Yves Netzhammer (born 1 August 1970) is a Swiss artist working in drawing, animation, video, installation and object art. He represented Switzerland at the Venice Biennale in 2007 and also took part in a related programme around documenta 12 that year. In 2026, he received the Film Prize of the Basel region for his first feature-length film, Reise der Schatten.

== Biography ==
Yves Netzhammer was born on 1 August 1970 in Affoltern am Albis. He grew up in Trüllikon, Diessenhofen and Schaffhausen. From 1987 to 1990 he trained as an architectural draughtsman, and from 1991 to 1995 studied visual design at the Höhere Schule für Gestaltung in Zurich.

Netzhammer received the Manor Art Prize Schaffhausen in 1999 and a fine art grant from the City of Zurich in 2000. He was awarded the Swiss federal prize for fine art in 2000, 2002 and 2006. Between 1999 and 2005, his drawings were regularly published in the Tages-Anzeiger and Das Magazin.

In 2001, Netzhammer co-designed a special-edition postage stamp made to look and smell like chocolate. In 2007, he represented Switzerland at the 52nd Venice Biennale, presenting work in the Swiss pavilion alongside Christine Streuli.

== Work ==
Netzhammer works in drawing, animation, video, installation and object art. His work uses drawing and animation to explore the interaction between the individual and the surrounding world. The imagery features simplified, gender-neutral figures together with animals and familiar objects.

A pared-down visual style and continuously changing forms are recurring features of Netzhammer’s work. In his installations, projected imagery is combined with objects and spatial structures to connect the digital work with the exhibition space. His work explores boundaries between self and other, including bodily vulnerability and the individual’s relationship with nature.

Netzhammer began creating installations incorporating film and objects in 1999. At exhibitions at the Helmhaus in Zurich and the Württembergischer Kunstverein in Stuttgart in 2003, he used several coordinated large-scale projections. In 2007, Netzhammer also participated in the accompanying programme of documenta 12. In 2008, he had a solo exhibition at the San Francisco Museum of Modern Art. In 2010, Kunstmuseum Bern presented his first major solo exhibition at a Swiss art museum. By that year, his installations were making greater use of staging, reflections and interventions in the exhibition space to involve the viewer more directly.

Netzhammer created Das gemeinsame Ziel vorbeiziehender Formen (2010) for the Aargauer Kunsthaus exhibition Voici un dessin suisse. 1990–2010. The installation extended drawing beyond the framed page into three-dimensional space, using cord, structural elements and objects as part of the composition.
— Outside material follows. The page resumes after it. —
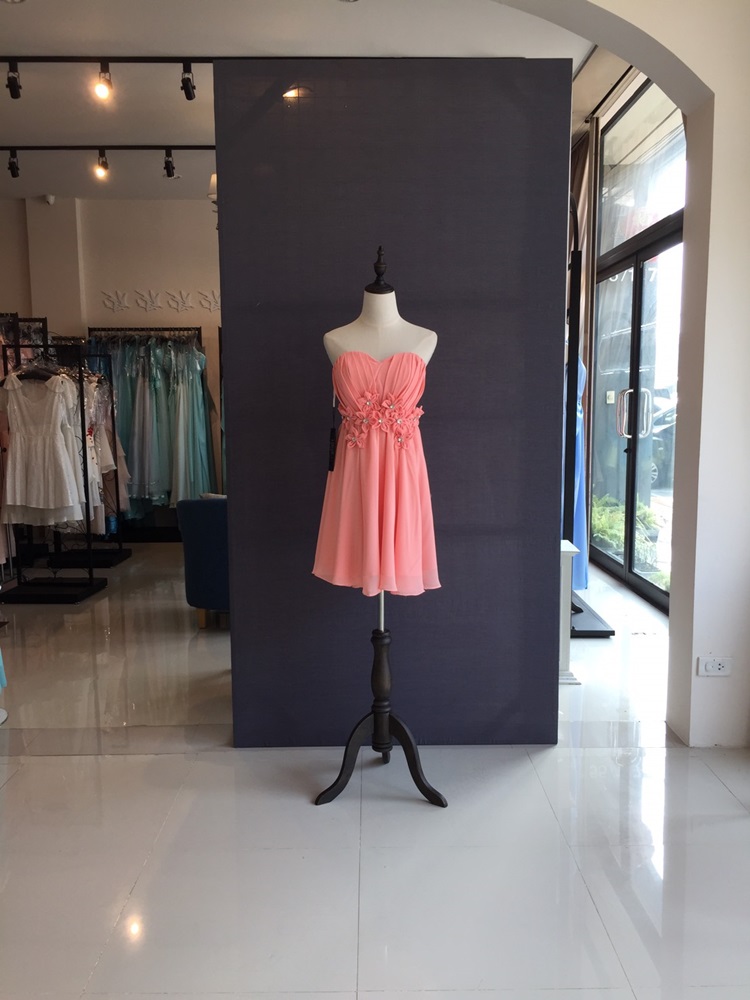 พร้อมส่ง ชุดราตรีสั้น เดรสสั้น แต่งดอกเพิ่มคริสตัล สีโอโรส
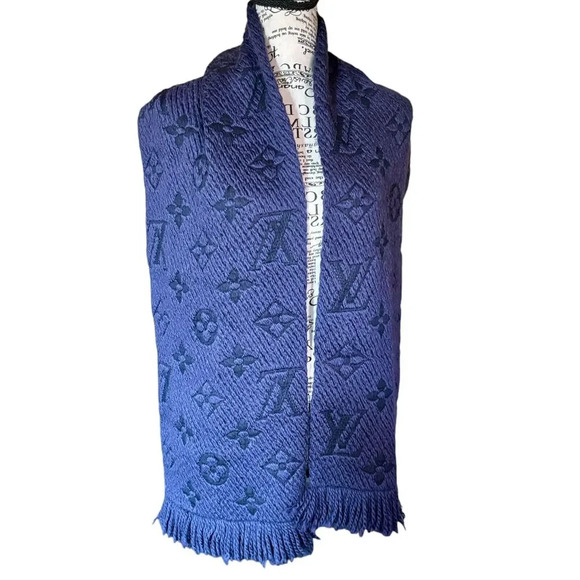 Authentic Louis Vuitton Purple Monogram Chunky Knit Wool Silk Rectangle Scarf - Picture 3 of 6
In Das Kind der Säge ist das Brett, Netzhammer brought together three-channel video, freestanding black-and-white structures, selected works from the museum collection and black geometric wall paintings. The installation drew on Constructivist and Concrete art, with references that included Kazimir Malevich’s Black Square. Netzhammer introduced kinetic objects into his practice for a Schaffhausen exhibition in 2018.

In 2025, Kunsthaus Zurich paired his work with that of Wilhelm Lehmbruck in an exhibition centred on human vulnerability. In 2026, Netzhammer received the Film Prize of the Basel region for Reise der Schatten, his first feature-length film, an experimental animation examining what it means to be human in a technological age.